(Material shown)
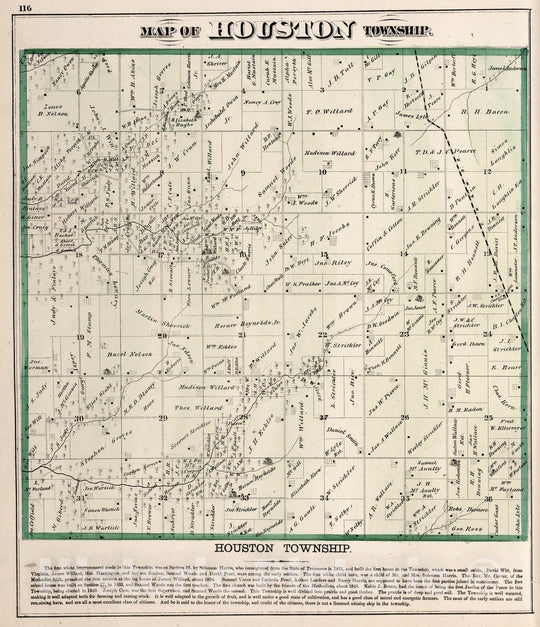 Historic Map : County Atlas Map, Houston Township, Adams County, Illinois. 1872 - Vintage Wall Art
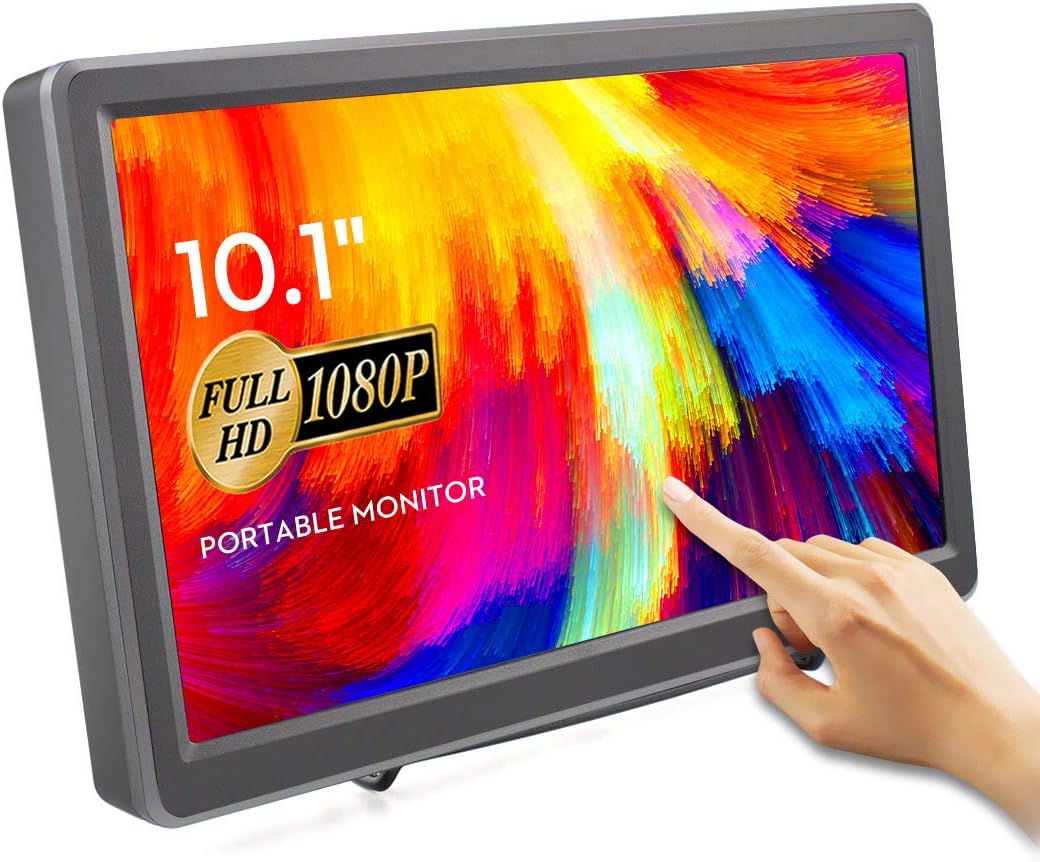 ELECROW Touch Screen Monitor, 10.1 Inch 1920X1080p HD&VGA Portable Touchscreen Monitor with Built-in Speakers Competible with Raspberry Pi, Game Consoles, Windows PC
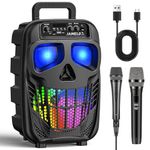 JAMELO Portable Karaoke System with 2 Microphones, Rechargeable Karaoke Machine with RGB Light Effects, Bluetooth Speaker Supports USB, Adults/Kids Music Box for Party Wedding Home KTV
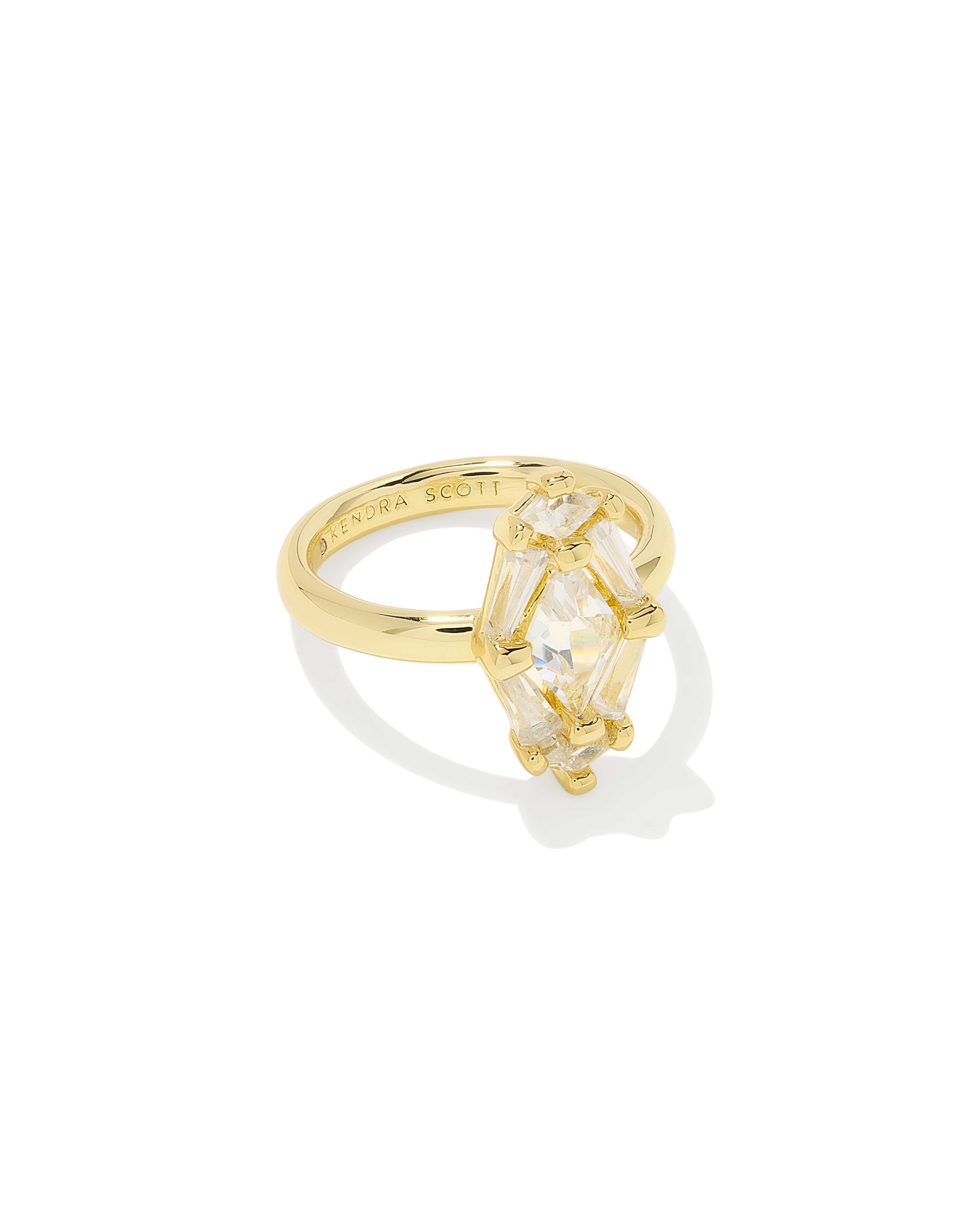 Lindy Rae Elyse Gold Cocktail Ring in White CZ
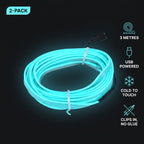 LED Car Interior Light Strip 2-Pack | 3m USB Powered - Ice Blue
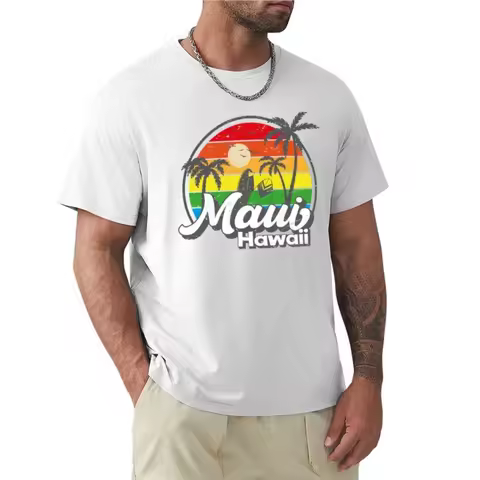 Vintage 80s Maui Hawaii T-Shirt boys whites customs korean fashion mens graphic t-shirts funny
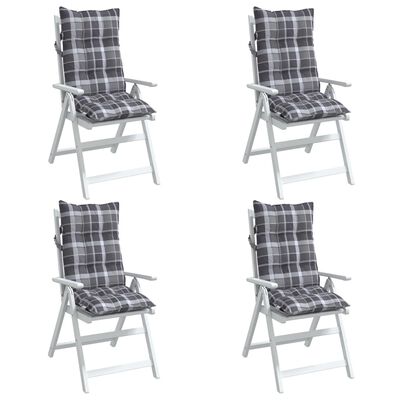 vidaXL Coussins de chaise à dossier haut lot de 4 motif carreaux gris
(End Material shown)
Aim of the exercise: I would like an exact copy of the lines from the one holding "LED Car Interior" through the last line of the entries above, with the pictures left out.

Answer area:
 LED Car Interior Light Strip 2-Pack | 3m USB Powered - Ice Blue
 Vintage 80s Maui Hawaii T-Shirt boys whites customs korean fashion mens graphic t-shirts funny
 vidaXL Coussins de chaise à dossier haut lot de 4 motif carreaux gris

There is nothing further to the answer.